Three-Dimensional Regulation of Ferroptosis at the Intersection of Iron, Sulfur, and Oxygen Executing Scrap and Build Toward Evolution

Abstract
Iron is an essential element for every life on earth as a primary media for electron flow. Sulfur compounds as sulfhydryls counteract catalytic activity of iron whereas sulfur overdose is also toxic. In aerobic organisms, oxygen is the major media for electron transfer with higher intracellular mobility, which cooperates with the iron system. Based on the importance of iron, there is no active pathway to excrete iron outside the body in higher species. Whereas bacterial infection causes a scramble for iron in situ, cancer can be the outcome of the side effects of long use of iron and oxygen. Ferroptosis is a recently coined cell death, defined as catalytic Fe(II)-dependent regulated necrosis accompanied by lipid peroxidation. Researchers recently recognized that ferroptosis is involved in a variety of physiological and pathological contexts, including embryonic erythropoiesis, aging, neurodegeneration and cancer cell death.

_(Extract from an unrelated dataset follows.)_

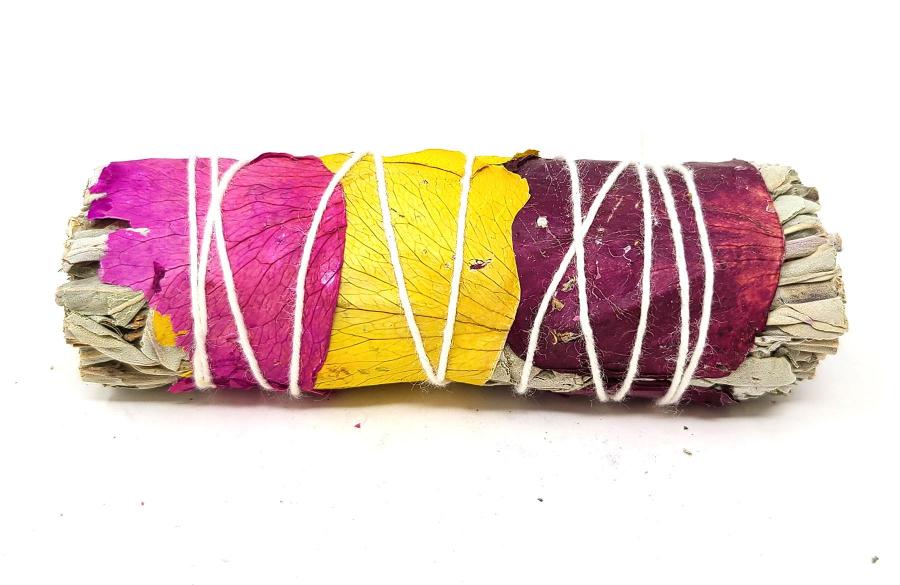 White Sage with Rose Petals Smudging Stick 3-4"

Alternatively, carcinogenesis is a process to obtain iron addiction with ferroptosis-resistance, based on rodent animal studies. Here we propose that ferroptosis is three-dimensionally regulated by iron, sulfur and oxygen, which correspond to oxidants, antioxidants and membrane fluidity with susceptibility to lipid peroxidation, respectively. Whereas life attempts to prevent ferroptosis, ferroptotic cells eventually emit iron-loaded ferritin as extracellular vesicles to maintain monopoly of iron.